The timing didn’t seem arbitrary: He sent it just one day after ESPN’s Adrian Wojnarowski told radio listeners that the clock was ticking for other teams to lure the star forward, whose four-year, $100 million deal begins this season, away from Milwaukee. Gordon Hayward had just ended his time in Utah; small-market teams had cause to be on edge. But not the Bucks, Giannis assured, in the only way his generation knows how: a subtweet.
But Sunday, when the 22-year-old was asked about the loyalty tweet during a Q&A on his tour in Manila, the Philippines, Antetokounmpo’s tone changed.
"A lot of people say they’re going to stay on a team," he said, "and decide to move to a different team. But you guys got to remember: A guy might want to stay on a team, but the team [may not] do the right things and the right moves for the player to become great."
Antetokounmpo went on to defend Kevin Durant’s decision to leave Oklahoma City: "Do not hate only the player. Because sometimes it’s not up to the player." That defense, one many players have made after leaving their first team, feels ominous for the Bucks, even this far out from Giannis’s free agency. The franchise’s three owners are reportedly estranged; over the last season, Milwaukee’s front office lost its general manager, failed to promote his intended replacement, then gave the title to someone so unknown in GM circles that his prefix was legally changed from Mr. to Who the Hell Is immediately after hire.
Wojnarowski’s analysis in early July, already foreboding then, hits even harder now.
"You don’t think Giannis has been watching what went on there for the last several months?" Wojnarowski asked that day. "Of what they allowed to go on with the [Bucks] front office? He’s watching it. And the clock has started. Everybody in the league is trying to figure out how they are going to get him out of there."
When asked about it Sunday, Giannis seemed to backtrack on the absolutism of his tweet. Using Durant, who received as much backlash as any player has for leaving, as an example doesn’t seem like an accident.
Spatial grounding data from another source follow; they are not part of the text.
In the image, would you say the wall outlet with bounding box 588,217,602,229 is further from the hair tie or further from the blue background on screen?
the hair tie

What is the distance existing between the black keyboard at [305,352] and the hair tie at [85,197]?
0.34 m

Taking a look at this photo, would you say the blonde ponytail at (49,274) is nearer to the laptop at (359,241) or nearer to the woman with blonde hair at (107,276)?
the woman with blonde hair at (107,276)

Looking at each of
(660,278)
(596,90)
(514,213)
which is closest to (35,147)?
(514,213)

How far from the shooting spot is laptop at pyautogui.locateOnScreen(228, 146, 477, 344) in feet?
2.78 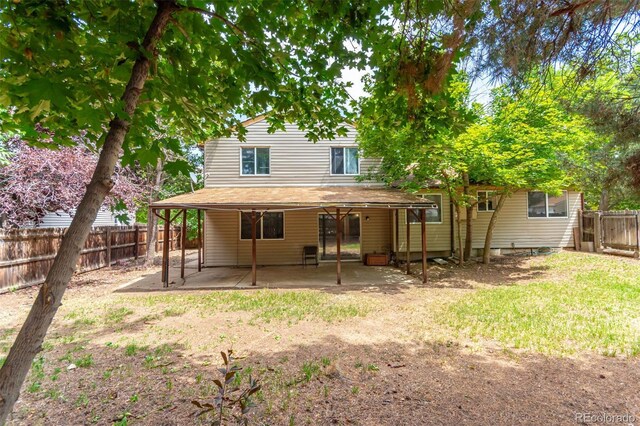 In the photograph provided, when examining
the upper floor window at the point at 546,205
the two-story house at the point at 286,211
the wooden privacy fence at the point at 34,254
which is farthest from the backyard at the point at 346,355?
the upper floor window at the point at 546,205

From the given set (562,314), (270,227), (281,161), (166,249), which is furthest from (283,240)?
(562,314)

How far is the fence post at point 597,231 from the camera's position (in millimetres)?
12398

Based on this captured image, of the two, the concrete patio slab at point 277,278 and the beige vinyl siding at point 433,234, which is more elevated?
the beige vinyl siding at point 433,234

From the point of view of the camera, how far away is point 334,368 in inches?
144

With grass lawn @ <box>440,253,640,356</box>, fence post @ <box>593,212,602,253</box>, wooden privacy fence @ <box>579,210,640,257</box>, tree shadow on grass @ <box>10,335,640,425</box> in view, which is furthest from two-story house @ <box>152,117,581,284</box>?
→ tree shadow on grass @ <box>10,335,640,425</box>

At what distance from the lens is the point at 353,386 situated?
3373 millimetres

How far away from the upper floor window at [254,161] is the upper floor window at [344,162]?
2.68 meters

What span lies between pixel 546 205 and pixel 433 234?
5.04 meters

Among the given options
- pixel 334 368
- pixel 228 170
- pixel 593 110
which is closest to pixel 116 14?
pixel 334 368

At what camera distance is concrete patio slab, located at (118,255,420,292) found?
→ 8.80m

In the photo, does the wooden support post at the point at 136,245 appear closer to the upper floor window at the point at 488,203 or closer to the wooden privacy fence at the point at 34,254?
the wooden privacy fence at the point at 34,254

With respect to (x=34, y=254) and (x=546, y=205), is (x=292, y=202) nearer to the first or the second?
(x=34, y=254)

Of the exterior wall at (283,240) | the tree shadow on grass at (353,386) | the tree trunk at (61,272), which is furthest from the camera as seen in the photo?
the exterior wall at (283,240)

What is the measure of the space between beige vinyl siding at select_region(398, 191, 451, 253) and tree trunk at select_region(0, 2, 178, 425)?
11.3 m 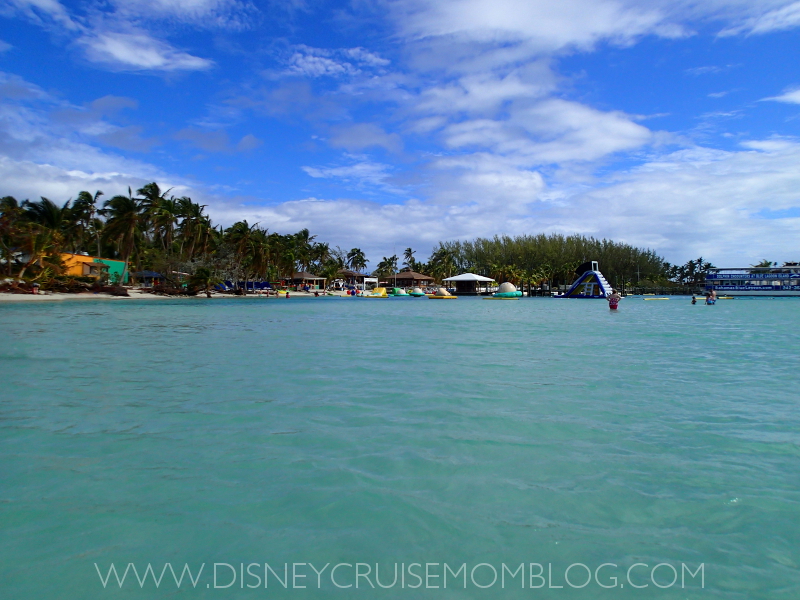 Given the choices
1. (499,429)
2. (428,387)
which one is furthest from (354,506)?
(428,387)

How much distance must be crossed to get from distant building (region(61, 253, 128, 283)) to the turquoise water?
39.9 m

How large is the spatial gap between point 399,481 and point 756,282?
8929cm

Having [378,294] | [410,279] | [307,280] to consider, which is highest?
[410,279]

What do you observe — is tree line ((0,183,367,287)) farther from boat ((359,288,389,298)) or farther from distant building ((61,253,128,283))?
boat ((359,288,389,298))

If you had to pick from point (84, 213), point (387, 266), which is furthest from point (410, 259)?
point (84, 213)

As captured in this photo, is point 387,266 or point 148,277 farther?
point 387,266

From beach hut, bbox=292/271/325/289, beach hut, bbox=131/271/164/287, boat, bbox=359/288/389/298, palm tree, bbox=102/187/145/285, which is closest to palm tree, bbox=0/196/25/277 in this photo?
palm tree, bbox=102/187/145/285

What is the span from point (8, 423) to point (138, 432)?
1558mm

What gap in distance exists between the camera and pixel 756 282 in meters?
75.6

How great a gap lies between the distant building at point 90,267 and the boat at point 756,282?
7733cm

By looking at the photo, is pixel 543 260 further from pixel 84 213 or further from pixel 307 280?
pixel 84 213

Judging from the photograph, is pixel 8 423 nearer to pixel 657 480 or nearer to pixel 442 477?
pixel 442 477

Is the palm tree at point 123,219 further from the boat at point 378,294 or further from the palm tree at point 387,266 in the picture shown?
the palm tree at point 387,266

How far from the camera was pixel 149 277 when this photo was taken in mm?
59031
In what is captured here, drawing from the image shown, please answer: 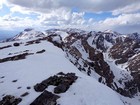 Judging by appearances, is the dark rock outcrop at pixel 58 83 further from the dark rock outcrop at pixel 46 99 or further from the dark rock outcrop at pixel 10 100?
the dark rock outcrop at pixel 10 100

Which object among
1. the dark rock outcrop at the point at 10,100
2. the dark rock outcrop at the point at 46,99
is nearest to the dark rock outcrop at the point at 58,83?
the dark rock outcrop at the point at 46,99

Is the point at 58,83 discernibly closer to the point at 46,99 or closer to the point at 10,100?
the point at 46,99

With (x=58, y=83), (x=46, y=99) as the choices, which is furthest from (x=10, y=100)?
(x=58, y=83)

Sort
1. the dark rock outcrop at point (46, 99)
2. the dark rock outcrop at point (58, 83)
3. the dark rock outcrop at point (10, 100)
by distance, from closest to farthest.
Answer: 1. the dark rock outcrop at point (46, 99)
2. the dark rock outcrop at point (10, 100)
3. the dark rock outcrop at point (58, 83)

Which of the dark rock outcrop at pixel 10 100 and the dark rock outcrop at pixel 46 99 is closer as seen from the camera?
the dark rock outcrop at pixel 46 99

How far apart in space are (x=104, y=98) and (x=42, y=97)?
8.59 m

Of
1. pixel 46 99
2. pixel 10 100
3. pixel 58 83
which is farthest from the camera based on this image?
pixel 58 83

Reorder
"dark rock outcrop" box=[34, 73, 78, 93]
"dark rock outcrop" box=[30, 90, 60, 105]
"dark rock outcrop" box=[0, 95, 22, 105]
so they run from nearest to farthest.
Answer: "dark rock outcrop" box=[30, 90, 60, 105]
"dark rock outcrop" box=[0, 95, 22, 105]
"dark rock outcrop" box=[34, 73, 78, 93]

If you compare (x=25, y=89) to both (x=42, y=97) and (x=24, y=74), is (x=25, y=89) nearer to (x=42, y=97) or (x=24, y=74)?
(x=42, y=97)

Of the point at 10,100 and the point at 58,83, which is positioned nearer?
the point at 10,100

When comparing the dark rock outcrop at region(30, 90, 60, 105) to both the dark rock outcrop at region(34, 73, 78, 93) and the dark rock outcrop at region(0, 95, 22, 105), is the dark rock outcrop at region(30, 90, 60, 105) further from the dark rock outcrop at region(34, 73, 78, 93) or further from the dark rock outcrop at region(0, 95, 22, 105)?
the dark rock outcrop at region(0, 95, 22, 105)

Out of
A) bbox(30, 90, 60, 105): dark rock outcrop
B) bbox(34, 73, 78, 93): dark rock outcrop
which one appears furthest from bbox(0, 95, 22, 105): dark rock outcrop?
bbox(34, 73, 78, 93): dark rock outcrop

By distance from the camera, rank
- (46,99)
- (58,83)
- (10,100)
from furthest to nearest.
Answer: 1. (58,83)
2. (10,100)
3. (46,99)

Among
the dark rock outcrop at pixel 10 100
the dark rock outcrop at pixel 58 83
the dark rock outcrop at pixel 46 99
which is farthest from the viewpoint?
the dark rock outcrop at pixel 58 83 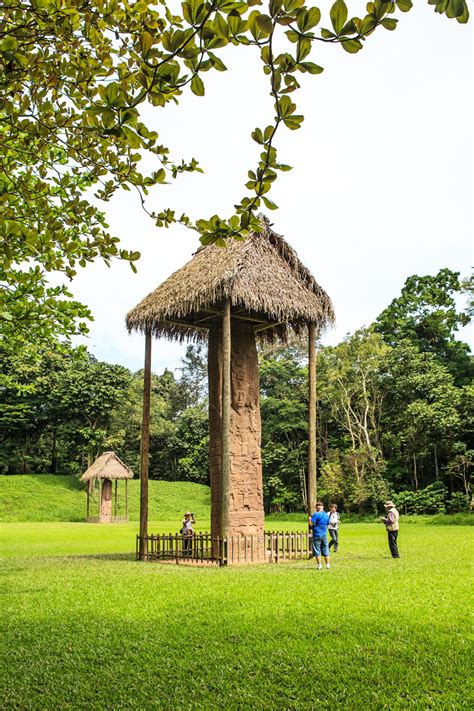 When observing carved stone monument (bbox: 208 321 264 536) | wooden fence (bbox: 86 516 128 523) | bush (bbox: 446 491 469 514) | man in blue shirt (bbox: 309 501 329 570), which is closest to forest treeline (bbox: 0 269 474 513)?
bush (bbox: 446 491 469 514)

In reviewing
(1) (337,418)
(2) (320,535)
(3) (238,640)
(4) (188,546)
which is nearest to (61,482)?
(1) (337,418)

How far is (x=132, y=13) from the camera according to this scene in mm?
4020

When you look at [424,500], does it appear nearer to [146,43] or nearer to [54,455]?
[54,455]

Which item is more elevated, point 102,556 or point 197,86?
point 197,86

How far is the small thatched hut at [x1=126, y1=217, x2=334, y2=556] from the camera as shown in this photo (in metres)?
12.9

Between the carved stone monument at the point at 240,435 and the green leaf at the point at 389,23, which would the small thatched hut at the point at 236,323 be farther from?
the green leaf at the point at 389,23

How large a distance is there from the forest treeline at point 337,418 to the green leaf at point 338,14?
2905cm

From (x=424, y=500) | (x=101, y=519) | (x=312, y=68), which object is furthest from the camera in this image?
(x=101, y=519)

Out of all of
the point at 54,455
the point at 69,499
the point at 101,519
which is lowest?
the point at 101,519

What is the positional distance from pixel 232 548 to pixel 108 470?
23.6m

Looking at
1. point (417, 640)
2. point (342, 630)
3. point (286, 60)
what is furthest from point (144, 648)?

Unconditional commitment is cherished by fans, but there’s a line to be tiptoed by stars who want to have it all — both the identity of a loyal player and the flexibility to leave for greener grass — as the NBA shifts to a players’ league.
Even the notion that it was LeBron James’s camp who exposed Kyrie Irving’s trade request follows this dichotomy. If true, it’s the type of PR move that serves as damage control for LeBron, should he want out of Cleveland next season. Well, Kyrie left — what was he supposed to do? The negative reaction to The Decision, burned jerseys and Comic Sans and all, was a lesson. It’s better if it doesn’t look like much of a decision at all.
Giannis seems to be practicing that art now, preparing for the words and promises and tweets that will be dug up should he ever (not saying he will, I know it’s four years out, OK?) want to leave Milwaukee. Either that, or he just really liked Kendrick Lamar’s album.